Docker

Steve Fisher

unread,

Apr 5, 2016, 12:15:08 PM4/5/16

to icatgroup

In order to debug the icat.server issue 150 "Load balancing does not work properly with long lasting queries (503 error)" instead of getting a lot of machines (virtual or otherwise) I decided to have a look at docker. I am new to docker so have not made use of the "swarm" which I think is probably the right way to manage a set of containers. Instead I have three docker files - glassfish, mysql-client and icat (built on top of glassfish). The script builds the images and runs things so that at the end I have three containers, two with an icat and one running mysql. I am now in a position to start looking at bug 150!

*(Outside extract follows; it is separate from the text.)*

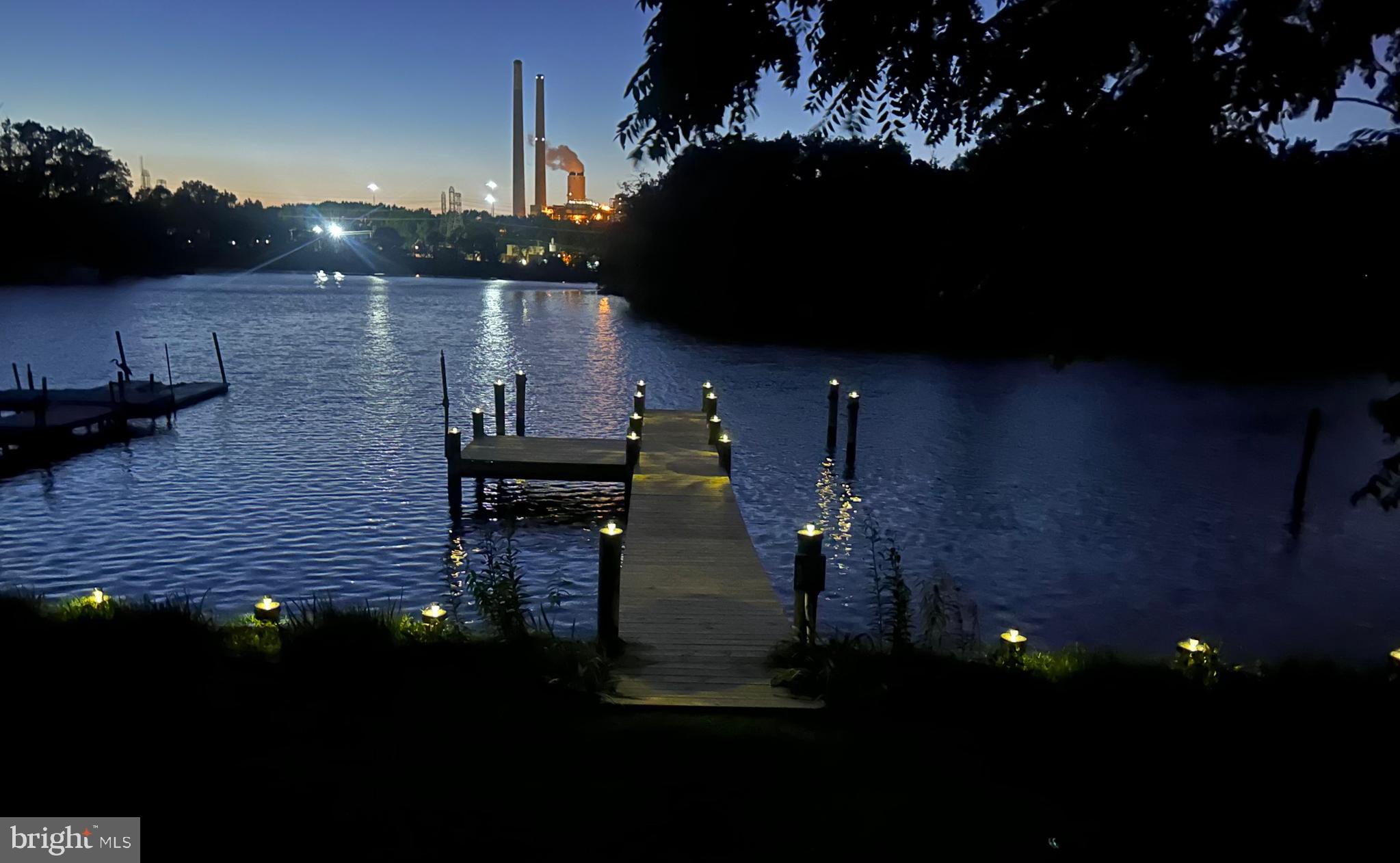 ORCHARD BEACH - Residential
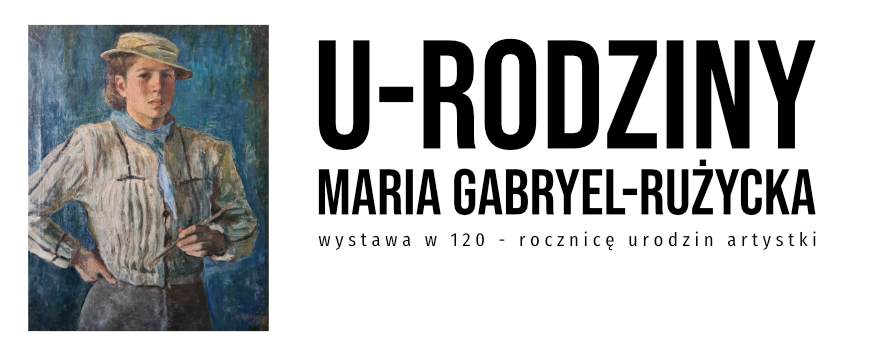 Galeria Sztuki Dwór Karwacjanów w Gorlicach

The code is not beautiful and is currently in a personal repository. The docker assumption is that each container runs one process which is quite different from the "normal" VM approach.

Steve

Peter Parker

unread,

Apr 5, 2016, 5:10:45 PM4/5/16

to icatgroup

Hi Steve

Thanks for that.

I have also been looking into Docker recently and like you have reached a stage where I can run an ICAT container alongside a MySQL container. For now, my code is also in a private repository.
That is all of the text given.